We have also learnt that we have people watching our services from places as far afield as Chile and India. You may have noticed that I have been encouraging people each Sunday to pray the Lord’s prayer in the language of their birth. Last week it was in Tamil and this Sunday in Samoan. We are a multi-cultural Congregation and are very much enriched by the diversity of culture and language.

If you would like to participate in a zoom morning tea at 11.00am on a Sunday morning please contact Bruce – that’s another way of keeping in touch with everyone. Those who have joined I think really appreciate catching up.

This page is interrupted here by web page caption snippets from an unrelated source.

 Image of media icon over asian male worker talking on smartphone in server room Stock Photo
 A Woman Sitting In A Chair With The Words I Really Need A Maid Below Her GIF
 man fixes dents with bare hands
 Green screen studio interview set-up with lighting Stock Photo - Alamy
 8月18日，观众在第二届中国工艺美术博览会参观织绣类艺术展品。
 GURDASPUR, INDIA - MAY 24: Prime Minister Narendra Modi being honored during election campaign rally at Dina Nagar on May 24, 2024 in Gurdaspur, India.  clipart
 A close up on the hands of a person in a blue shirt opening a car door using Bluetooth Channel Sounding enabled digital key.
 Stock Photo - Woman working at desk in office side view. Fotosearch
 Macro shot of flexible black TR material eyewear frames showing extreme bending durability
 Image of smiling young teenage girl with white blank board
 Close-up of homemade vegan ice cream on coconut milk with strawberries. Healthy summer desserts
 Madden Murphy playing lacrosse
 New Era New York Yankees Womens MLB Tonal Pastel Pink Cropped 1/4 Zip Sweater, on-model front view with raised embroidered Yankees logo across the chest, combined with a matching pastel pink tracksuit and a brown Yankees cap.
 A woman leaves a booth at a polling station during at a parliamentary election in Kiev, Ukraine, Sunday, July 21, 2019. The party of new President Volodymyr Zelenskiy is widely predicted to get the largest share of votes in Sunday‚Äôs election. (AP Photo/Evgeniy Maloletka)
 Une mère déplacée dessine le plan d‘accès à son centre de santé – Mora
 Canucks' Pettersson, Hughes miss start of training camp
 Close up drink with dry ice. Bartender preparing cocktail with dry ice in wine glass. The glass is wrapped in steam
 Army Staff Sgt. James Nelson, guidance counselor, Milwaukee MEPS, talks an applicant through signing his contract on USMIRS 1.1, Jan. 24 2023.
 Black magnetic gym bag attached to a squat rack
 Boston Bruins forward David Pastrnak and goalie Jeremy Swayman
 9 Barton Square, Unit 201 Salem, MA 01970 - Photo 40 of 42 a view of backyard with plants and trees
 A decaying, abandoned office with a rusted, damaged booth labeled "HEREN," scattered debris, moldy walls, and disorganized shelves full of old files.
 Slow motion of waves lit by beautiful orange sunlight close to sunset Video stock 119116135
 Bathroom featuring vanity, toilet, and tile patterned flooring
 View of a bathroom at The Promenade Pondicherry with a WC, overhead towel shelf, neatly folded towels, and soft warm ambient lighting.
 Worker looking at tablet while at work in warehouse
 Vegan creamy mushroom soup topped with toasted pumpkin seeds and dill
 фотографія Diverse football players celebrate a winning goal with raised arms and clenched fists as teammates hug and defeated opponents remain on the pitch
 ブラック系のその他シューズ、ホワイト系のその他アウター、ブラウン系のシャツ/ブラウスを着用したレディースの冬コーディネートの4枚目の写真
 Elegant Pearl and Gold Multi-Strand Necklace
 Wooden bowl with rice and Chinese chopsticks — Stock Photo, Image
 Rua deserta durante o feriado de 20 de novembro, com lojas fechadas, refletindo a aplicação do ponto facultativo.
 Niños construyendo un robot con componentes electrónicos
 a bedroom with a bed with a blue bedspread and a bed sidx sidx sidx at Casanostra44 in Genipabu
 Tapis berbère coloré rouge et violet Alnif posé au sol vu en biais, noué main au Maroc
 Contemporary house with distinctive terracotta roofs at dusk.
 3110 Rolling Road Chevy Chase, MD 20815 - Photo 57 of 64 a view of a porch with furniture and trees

This week in our Gospel reading we meet a woman in great distress who comes to Jesus pleading with him to heal her daughter. There is so much about her situation that puts her at a disadvantage. First of all she’s an outsider, a foreigner from beyond Israel, but her marginal status as a woman doesn’t help either. What’s in her favour is that she has chutzpa! I don’t know whether it’s because she’s at her wits end, desperate to find some way to bring her daughter peace, that leads her to come to Jesus, but the text says she came shouting at Jesus.

That says a lot to me about the level of her anxiety and despair. The trouble is that when someone comes to you for help and does so by shouting, it can have a negative consequence; it can feel like a barrage. Jesus’ response is at first silence, which feels like a complete rejection, or a big put down! It seems so counter to all that we have known so far about Jesus. Isn’t he the embodiment of compassion – the healer, the comforter?

When I put myself in this woman’s place I recognise that what she experiences from Jesus is what we often live with when we are at our wits end. We pray but sometimes it seems that God is silent, and at times that silence seems like rejection – ‘Why don’t you do something to help me God, I’m desperate and I don’t know where else to turn?’ What is so powerful about this encounter is that the woman doesn’t give up; she’s persistent. What’s more her response to Jesus reveals a faith that puts Peter to shame. Remember this comes just after that encounter between Jesus and Peter where Jesus hauls him out of the water dripping wet and says, ‘You of little faith, why did you doubt?’ What a contrast to find Jesus praising a woman, an outsider. ‘Great is your faith! Let it be done for you as you wish’.

I have often wondered whether this story, written down many years later, also reflected the change of direction undertaken by Matthew’s community. Matthew’s community had seen their mission as reaching out to the Jewish Community, but when they were excommunicated from the Synagogue, they turned toward the Gentiles.

So at the beginning of the Gospel we have that wonderful story of the Magi – those exotic wise men from the east who came to worship Jesus – and at the end as though to bookmark the gospel with this message, we find the risen Lord commissioning the disciples to go into all the world to teach and baptise. In the middle we have this Gentile woman whose faith could not be clearer or more vibrant. Jesus commends her faith more than he does for any other in the whole gospel.

So while this passage surprises or even jolts us, it does that on purpose because it challenges us to ensure that we warmly embrace those we regard as outsiders, and yet whose vibrant faith inspires and encourages us.